それは、ステラの体から魔物の王の核が消えたことで、魔力貯蔵器官がなくなり、完全に魔力欠如症の体に戻ったからだった。
つまり、ステラは、今後、一切の魔力を貯められない代わりに、魔力を失えば心臓が止まるという障害から解放されたことになる。

それを喜ぶ反面、今のステラの体に干渉する方法がないという壁にぶつかってしまった。

一日、一日と、無駄に時間だけが過ぎていく。



だが、俺がステラを諦めることはない。
ステラは、俺と約束したのだから。
必ず生きると。
あれだけ、自分の生に無頓着だった彼女が、最後まで生き残る希望にしがみ付いたのだ。
だから、ステラは戻ってくる。


そう信じて、俺は、ステラをサウザリンドに連れ帰ることにした。
その頃、続々と集まってきていたステラを慕うサージェントの者達を蹴散らして。



サウザリンドの王宮に帰ってきた後は、主治医のゼイン医官のみ滞在を許した。
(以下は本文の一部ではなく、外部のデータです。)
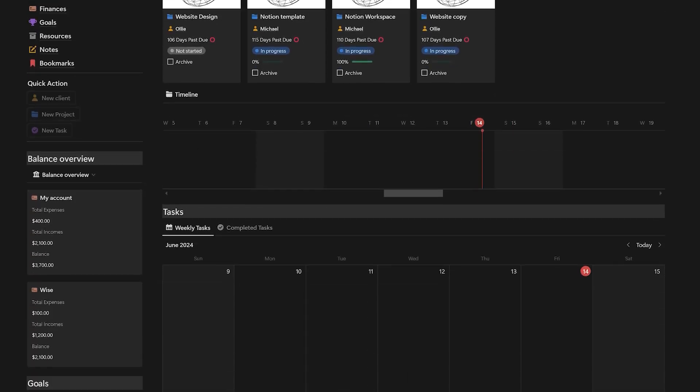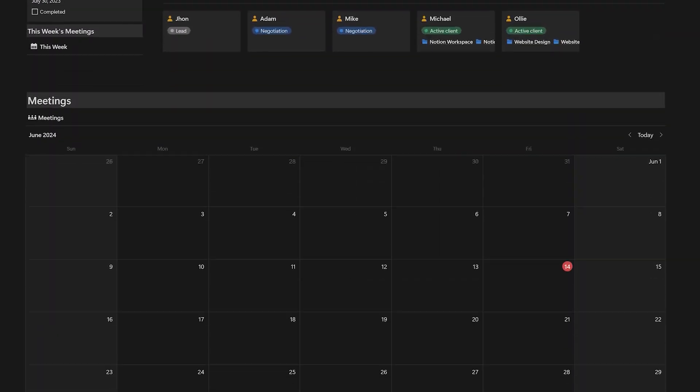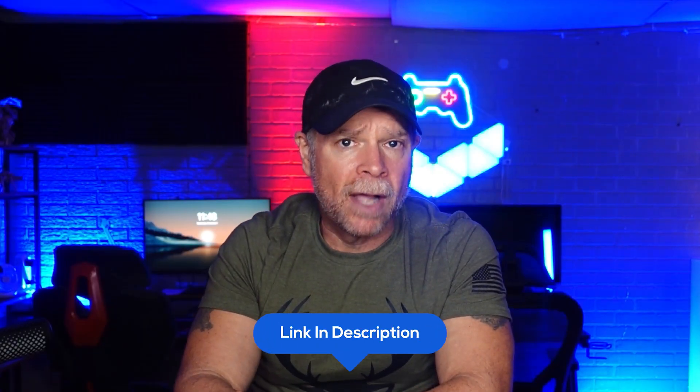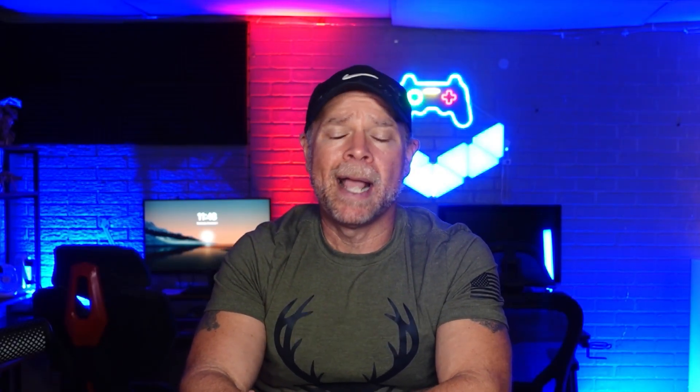Additionally, you are going to receive my top-notch, high-quality templates for free, including the Business Hub template for managing your business and the Finance Hub for tracking your finances, among others. These are worth over $900, but you are going to get all of that for free as a thank you for using my affiliate link in the description. Simply click the first link to find the details about these offers and how to claim them. It's my way of saying thank you for supporting the channel.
その日以来、眠るステラの世話は、大体俺がしている。

魔物の王が消え、魔物達の被害がめっきり減った今、騎士団長である俺の仕事がないことを理由にして、こうしてずっと俺達は二人だけの時間を過ごしていた。

俺が望んだ環境だな…。
誰にも邪魔されず、たった二人だけの時間だ。

けれど、寂しい。
ステラを待つと決めたのに。

ステラ、ステラ、ステラ…。
どうか俺を置いていかないでくれ。

俺は、眠るステラの横に寝転んで、華奢な体を抱きしめた。